４－ＭＵは、少なくとも２つの方法でＨＡ産生を阻害すると考えられる。第１に、４－ＭＵは、ＨＡ合成に関与する酵素であるＵＤＰ－グルクロニルトランスフェラーゼ（ＵＧＴ）の競合基質として機能すると考えられる（Ｋａｋｉｚａｋｉ，Ｉ．，ｅｔａｌ．，Ｊ．Ｂｉｏｌ．Ｃｈｅｍ．２００４；２７９（３２）：３３２８１－９；ＰＭＩＤ：１５１９００６４）。ＨＡは、前駆体ＵＤＰ－グルクロン酸（ＵＤＰ－ＧｌｃＵＡ）およびＵＤＰ－Ｎ－アセチルグルコサミン（ＵＤＰ－ＧｌｃＮＡｃ）からのＨＡシンターゼＨＡＳ１、ＨＡＳ２およびＨＡＳ３によって産生される。
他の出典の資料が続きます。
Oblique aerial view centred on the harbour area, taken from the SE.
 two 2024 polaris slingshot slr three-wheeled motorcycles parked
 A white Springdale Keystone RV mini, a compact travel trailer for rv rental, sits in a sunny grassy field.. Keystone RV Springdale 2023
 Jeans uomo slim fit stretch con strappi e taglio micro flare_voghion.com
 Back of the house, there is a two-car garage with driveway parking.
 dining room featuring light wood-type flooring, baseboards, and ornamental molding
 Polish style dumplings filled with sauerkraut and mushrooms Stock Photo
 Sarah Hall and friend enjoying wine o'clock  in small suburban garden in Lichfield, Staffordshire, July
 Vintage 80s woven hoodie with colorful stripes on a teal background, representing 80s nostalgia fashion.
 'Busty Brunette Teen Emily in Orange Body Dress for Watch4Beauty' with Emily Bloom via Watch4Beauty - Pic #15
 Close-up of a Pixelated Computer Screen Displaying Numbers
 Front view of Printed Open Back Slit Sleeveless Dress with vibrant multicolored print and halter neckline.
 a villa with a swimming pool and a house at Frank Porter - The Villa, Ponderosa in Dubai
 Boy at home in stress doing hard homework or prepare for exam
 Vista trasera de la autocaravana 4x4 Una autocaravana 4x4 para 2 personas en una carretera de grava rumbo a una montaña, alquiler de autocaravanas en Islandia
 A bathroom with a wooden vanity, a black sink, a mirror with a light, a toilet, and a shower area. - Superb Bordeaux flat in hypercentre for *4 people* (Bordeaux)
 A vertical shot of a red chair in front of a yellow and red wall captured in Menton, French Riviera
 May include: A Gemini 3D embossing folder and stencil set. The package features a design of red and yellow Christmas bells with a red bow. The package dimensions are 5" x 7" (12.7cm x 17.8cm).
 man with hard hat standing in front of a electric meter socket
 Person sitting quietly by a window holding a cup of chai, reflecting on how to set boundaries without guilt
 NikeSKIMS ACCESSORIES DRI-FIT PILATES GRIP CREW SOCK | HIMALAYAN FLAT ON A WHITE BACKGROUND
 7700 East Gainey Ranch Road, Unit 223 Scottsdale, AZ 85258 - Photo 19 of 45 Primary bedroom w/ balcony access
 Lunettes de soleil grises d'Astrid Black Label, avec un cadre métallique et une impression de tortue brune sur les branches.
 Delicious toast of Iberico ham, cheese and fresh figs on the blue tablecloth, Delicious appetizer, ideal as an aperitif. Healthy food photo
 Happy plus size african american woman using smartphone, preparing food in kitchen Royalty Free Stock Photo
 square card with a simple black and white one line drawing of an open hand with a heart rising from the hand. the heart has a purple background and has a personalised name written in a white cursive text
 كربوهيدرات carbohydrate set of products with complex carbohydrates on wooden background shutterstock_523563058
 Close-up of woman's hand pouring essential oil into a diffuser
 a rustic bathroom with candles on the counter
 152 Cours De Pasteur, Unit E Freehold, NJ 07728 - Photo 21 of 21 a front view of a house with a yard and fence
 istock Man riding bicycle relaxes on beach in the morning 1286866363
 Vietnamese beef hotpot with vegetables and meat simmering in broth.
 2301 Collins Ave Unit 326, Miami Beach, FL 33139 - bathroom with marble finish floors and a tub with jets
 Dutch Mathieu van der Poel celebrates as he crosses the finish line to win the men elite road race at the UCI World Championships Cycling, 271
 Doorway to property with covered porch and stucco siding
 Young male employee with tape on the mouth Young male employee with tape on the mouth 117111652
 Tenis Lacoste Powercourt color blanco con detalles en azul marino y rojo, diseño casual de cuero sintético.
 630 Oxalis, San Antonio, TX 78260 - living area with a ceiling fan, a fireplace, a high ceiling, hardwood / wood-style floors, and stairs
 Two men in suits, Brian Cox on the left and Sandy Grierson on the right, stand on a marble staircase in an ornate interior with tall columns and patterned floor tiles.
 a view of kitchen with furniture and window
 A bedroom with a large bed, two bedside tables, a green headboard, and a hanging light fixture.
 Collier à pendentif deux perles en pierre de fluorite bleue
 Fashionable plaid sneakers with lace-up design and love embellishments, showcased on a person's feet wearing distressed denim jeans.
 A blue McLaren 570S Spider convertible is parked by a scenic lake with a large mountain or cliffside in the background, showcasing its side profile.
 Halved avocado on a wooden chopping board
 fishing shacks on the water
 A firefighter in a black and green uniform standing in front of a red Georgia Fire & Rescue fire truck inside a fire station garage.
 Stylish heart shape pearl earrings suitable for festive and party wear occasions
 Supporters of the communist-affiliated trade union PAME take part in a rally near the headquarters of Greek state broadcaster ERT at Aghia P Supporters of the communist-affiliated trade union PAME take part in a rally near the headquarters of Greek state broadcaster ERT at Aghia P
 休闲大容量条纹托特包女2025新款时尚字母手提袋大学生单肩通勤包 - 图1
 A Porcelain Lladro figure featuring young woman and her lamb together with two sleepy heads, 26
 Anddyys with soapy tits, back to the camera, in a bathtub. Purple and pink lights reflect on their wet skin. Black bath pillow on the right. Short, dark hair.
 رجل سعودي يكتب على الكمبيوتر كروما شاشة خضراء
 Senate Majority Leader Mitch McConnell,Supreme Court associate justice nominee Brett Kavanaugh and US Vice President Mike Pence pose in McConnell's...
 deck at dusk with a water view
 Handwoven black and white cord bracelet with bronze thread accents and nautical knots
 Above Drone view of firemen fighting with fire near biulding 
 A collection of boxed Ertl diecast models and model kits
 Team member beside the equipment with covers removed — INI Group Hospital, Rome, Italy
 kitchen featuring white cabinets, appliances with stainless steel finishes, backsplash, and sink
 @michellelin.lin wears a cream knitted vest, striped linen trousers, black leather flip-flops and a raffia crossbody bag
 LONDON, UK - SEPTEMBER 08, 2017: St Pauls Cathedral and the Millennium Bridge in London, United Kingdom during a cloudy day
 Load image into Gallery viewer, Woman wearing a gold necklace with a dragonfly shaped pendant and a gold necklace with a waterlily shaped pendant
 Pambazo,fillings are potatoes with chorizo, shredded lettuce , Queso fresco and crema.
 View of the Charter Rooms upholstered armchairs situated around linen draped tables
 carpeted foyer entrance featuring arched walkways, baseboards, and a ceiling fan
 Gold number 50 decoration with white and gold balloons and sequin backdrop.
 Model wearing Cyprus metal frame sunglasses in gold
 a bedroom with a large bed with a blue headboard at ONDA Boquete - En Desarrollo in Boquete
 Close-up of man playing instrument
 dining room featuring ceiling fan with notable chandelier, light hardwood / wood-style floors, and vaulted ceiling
これらは、ＵＤＰ残基の、Ｎ－アセチルグルコサミンおよびグルクロン酸へのＵＤＰ－グルクロニルトランスフェラーゼ（ＵＧＴ）を介した移転によって生成される。ＵＤＰ－ＧｌｃＵＡおよびＵＤＰ－ＧｌｃＮＡｃの利用可能性は、それによってＨＡ合成を制御する（Ｖｉｇｅｔｔｉ，Ｄ．，ｅｔａｌ．，Ｊ．Ｂｉｏｌ．Ｃｈｅｍ．２０１２；２８７（４２）：３５５４４－３５５５５）。４－ＭＵの存在下で、それは、４位のそのヒドロキシル基を介して、ＵＧＴを介するグルクロン酸に共有結合する。その結果、ＵＤＰ－グルクロン酸の濃度は、サイトゾルにおいて低下し、ＨＡ合成は減少する。これは、これをもって、細胞内の４ＭＵＵＤＰ－ＧｌｃＵＡ含有量を減少させる。４－ＭＵは、ＨＡＳ酵素ＵＤＰ－ＧｌｃＵＡを枯渇させることによってＨＡ合成を阻害し、それは、４－ＭＵグルクロン酸抱合によって消費される。これまでのところ、第２のメカニズムがどのように正確に働くかは不明確であるが、４－ＭＵは、ＨＡＳｍＲＮＡ（Ｋｕｌｔｔｉ，Ａ．，ｅｔａｌ．，Ｅｘｐ．ＣｅｌｌＲｅｓ．２００９；３１５（１１）：１９１４－１９２３）、ならびにＵＤＰグルコースピロホスホリラーゼおよびデヒドロゲナーゼのｍＲＮＡ（Ｓａｉｔｏ，Ｔ．，ｅｔａｌ．，Ｏｎｃｏｌ．Ｌｅｔｔ．２０１３；５（３）：１０６８－１０７４）の発現を減少させる。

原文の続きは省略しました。